Health & Medical Mental Health

Why Psychiatric Prescribing Data Aren't Always Accurate

Why Psychiatric Prescribing Data Aren't Always Accurate


Hello. I am Dr. Robert Findling, Director of the Division of Child and Adolescent Psychiatry at University Hospitals Case Medical Center, and Professor of Psychiatry and Pediatrics of Case Western Reserve University. In this posting, I will be talking about some findings from an article that I published with several colleagues not too long ago. The topic of that article was the factors that might be associated with the prescription of antipsychotic medication in children. I am the first author on this article, which was published in the Journal of Child and Adolescent Psychopharmacology.

There is substantial evidence that the rate at which children are receiving antipsychotic medications has increased over the past several years. The clinical characteristics of these children are often reported in data sets that come from insurance claims. However, it is possible that the data from these claims-based data sets might not be as precise as we might hope.

For example, there is evidence from earlier work that discrepancies can exist between the clinical diagnosis given by a practitioner and the diagnosis ascertained by a research interviewer. Furthermore, it is possible that in a child with psychiatric comorbidity, not all diagnoses are listed on the billing sheets. So, comorbidity might not be fully documented on insurance claims.

Because we weren't aware of any studies that attempted to confirm the validity of any of the large claims-based data sets pertaining to the use of antipsychotic agents in children, our research group set out to examine the clinical characteristics of children who were being prescribed antipsychotic medications. This work was under the auspices of a National Institutes of Health (NIH)-supported grant called "The Longitudinal Assessment of Manic Symptoms" (LAMS).

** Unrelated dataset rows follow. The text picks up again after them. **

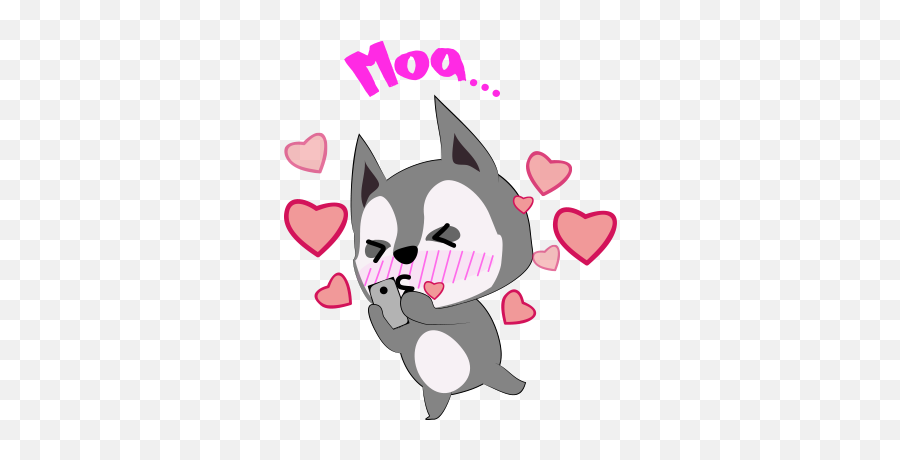 Husky Dog Emoji U0026 Sticker By Tien Ti Tung - Girly,Husky Emoji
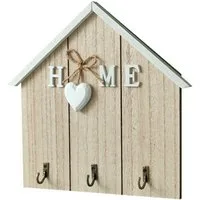Jumpeak Schlüsselbrett Wand Schlüsselanhänger Ohne Bohren mit 3 Schlüsselhaken,HOME Modell, Schlüsselablage für Schlüssel Organizer Heimdekoration,Herz-Motiv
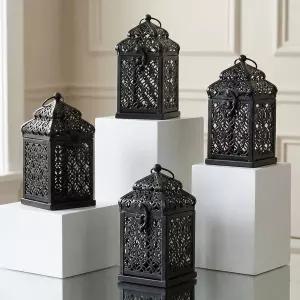 벨라 랜턴 미니 타워 템플 모로코 램프 장식용 캔들 홀더 라마단 걸이 야외 파티오 또는 현관 실내 홈 블랙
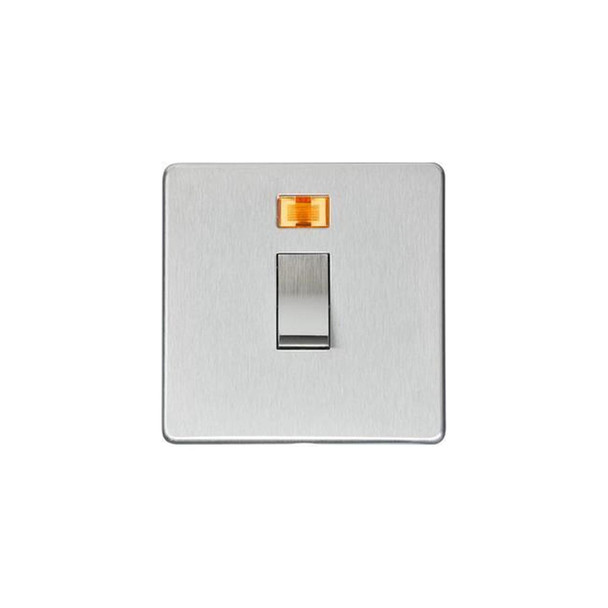 Studio Range 20A Double Pole Switch with Neon in Satin Chrome  - Trimless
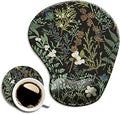 Ergonomic Mouse Pad with Wrist Support and Coaster,Mouse Pads with Non-Slip PU Base for Home Office Working Studying Easy Typing & Pain Relief Botanical Flowers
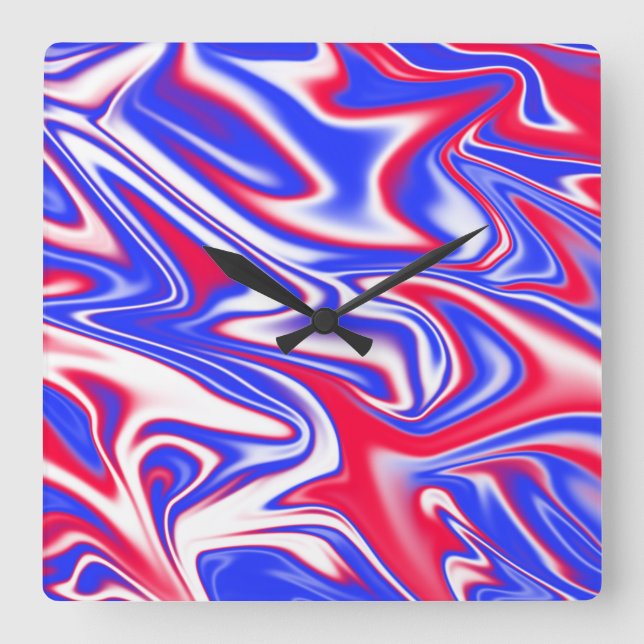 "Patriotic Swirl: The Red, White and Blue Marble" Fyrkantig Klocka (Framsida)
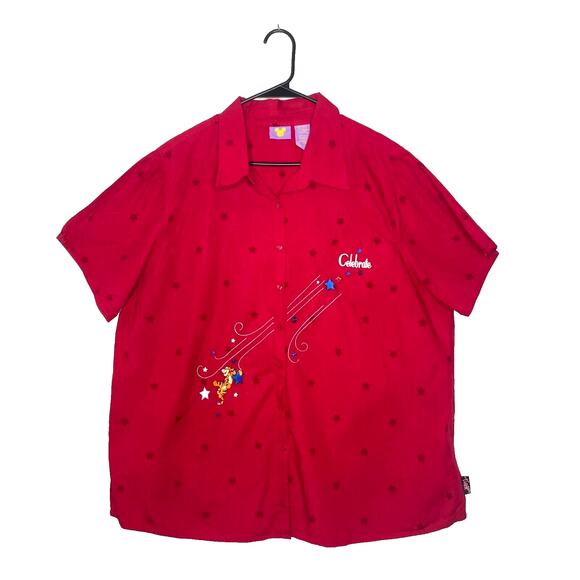 Disney Tops - Vintage Disney Store Winnie the Pooh Red Sz 22/24 Tigger Fireworks Star Print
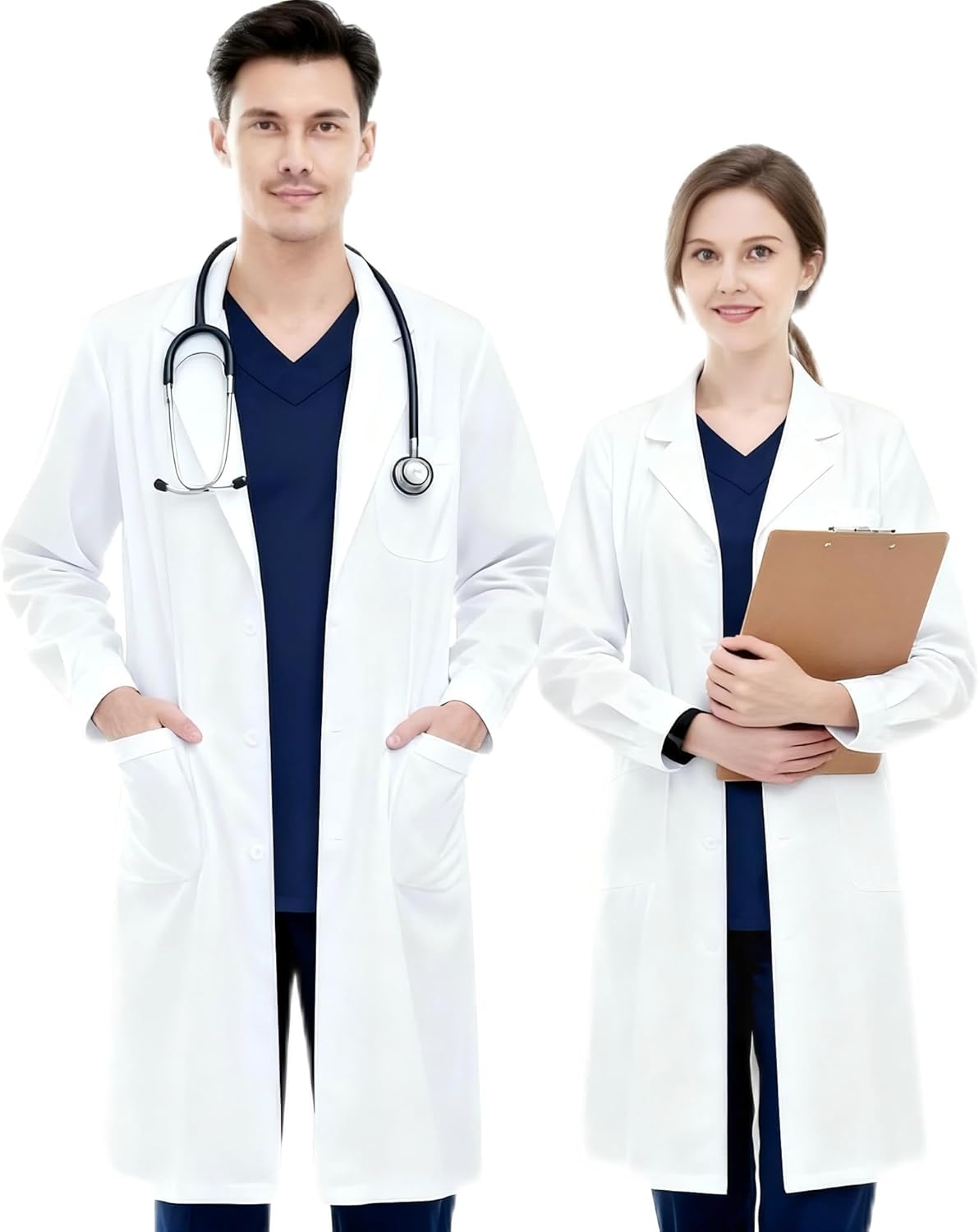Laboratory Coat for Men Women Lab Coat Workwear Long Sleeve Work Wear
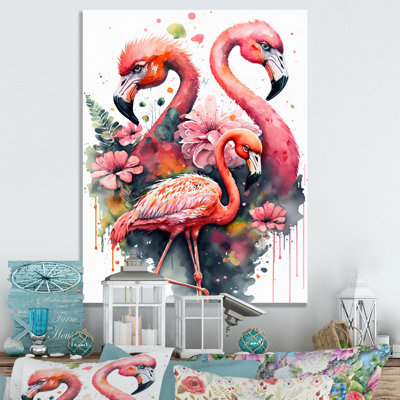 Mignonnes flamants roses - Peinture sur toile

The children who participated in LAMS were recruited from outpatient clinical settings that were associated with 4 medical schools in Ohio and Western Pennsylvania. This epidemiologically ascertained cohort recruited children aged 6-12 years who had symptoms that were or could be associated with mania, but didn't necessarily have bipolar illness. In fact, most of these children did not suffer from a bipolar illness. Ultimately, 707 children were the constituents of our LAMS cohort.

What did we find out about the treatment history in these young people? We found that the use of antipsychotic medications was relatively common. Of the almost 450 children who were being prescribed psychotropic medications, almost 1 in 3 were being prescribed an antipsychotic drug. In addition, we found geographic differences in the rates of antipsychotic prescription. We also found that having a previous psychiatric hospitalization was associated with being treated with an antipsychotic medication. Perhaps those 2 findings are not surprising -- they certainly were not surprising to us.

However, we were surprised to find that only 2 psychiatric diagnoses were associated with being prescribed an antipsychotic medication. The first was a psychotic illness, and the other was bipolar I disorder. Of interest, a diagnosis of bipolar spectrum disorder, such as bipolar disorder not otherwise specified (NOS), or disruptive behavior disorder was not related to receiving an antipsychotic.

Previous reports have raised concerns that children with attention-deficit/ hyperactivity disorder (ADHD) are being prescribed antipsychotic agents, despite the evidence that antipsychotics have not been shown to be safe or effective in this patient population.

So, we looked at our LAMS patients in more detail. We found that 361 children in our cohort had a diagnosis of ADHD and were being prescribed a psychotropic agent. A substantial number of these children suffered from psychiatric comorbidities. We found that only 13 of 361 children with ADHD did not have comorbidities and were being prescribed an antipsychotic medicine. Of interest, 12 of the 13 children had previously failed a therapeutic trial with a psychostimulant or were currently being prescribed a psychostimulant.

In short, despite the limitations of this study, these data suggest that more detailed and precise examinations of groups of children can complement the information ascertained from claims-based data sets.

Some important policy decisions are likely to be made on the basis of information derived from these claims data. It's important that other studies be conducted to determine whether the claims data are valid. That can be done easily through external validation studies. Otherwise, policymakers run the risk of making vital decisions about these vulnerable children on the basis of imperfect information.

I'm Dr. Robert Findling. Thank you for watching.